You can directly implant knowledge/reasoning into a GIA instance. The easiest way to do this is to train one under very controlled circumstances, and then copy the pattern. This reasoning would then condition the GIA instance's interpretation of future input. However, under conditions which directly disprove the value of that reasoning in obtaining X the GIA instance would un-integrate that pattern and reintegrate a new one. This can be influenced with parameter weights.
I suppose this could be a concern regarding the potential generation of an anger instinct. This HEAVILY depends on all the parameters however, and any outputs given to the GIA instance. Also, robots and computers do not have to eat, and have no associated instincts with killing things in order to do so... Nor do they have reproductive instincts...
When you say "predictable", do you mean in principle or actually predictable?
That is, are you claiming that you can predict what any human values given their environment, and furthermore that the environment can be easily and compactly specified?
Can you give an example?
Mathematically predictable but somewhat intractable without a faster running version of the instance, with the same frequency of input. Or predictable within ranges of some general rule.
Or just generally predictable with the level of understanding afforded to someone capable of making one in the first place, that for instance could describe the cause of just about any human psychological "disorder".

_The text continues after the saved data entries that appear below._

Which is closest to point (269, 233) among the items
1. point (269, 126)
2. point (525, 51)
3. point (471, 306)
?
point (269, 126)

Name three values all agents must have, and explain why they must have them.
The concept of agent is logically inconsistent with the General Intelligence Algorithm. What you are trying to refer to with Agent/tool etc are just GIA instances with slightly different parameters, inputs, and outputs.
Even if it could be logically extended to the point of "Not even wrong" it would just be a convoluted way of looking at it.
I'm sorry, I wasn't trying to use terminology to misstate your position.
What are three values that a GIA must have, and why must they have them?
ohhhh... sorry... There is really only one, and everything else is derived from it. Familiarity. Any other values would depend on the input, output and parameters. However familiarity is inconsistent with the act of killing familiar things. The concern comes in when something else causes the instance to lose access to something it is familiar with, and the instance decides it can just force that to not happen.
Well, I'm not sure that Familiarity is sufficient to resolve every choice faced by a GIA - for example, how does one derive a reasonable definition of self-defense from Familiarity. But let's leave that aside for a moment.
Why must a GIA subscribe to the value of Familiarity?
"I Have No Mouth, and I Must Scream".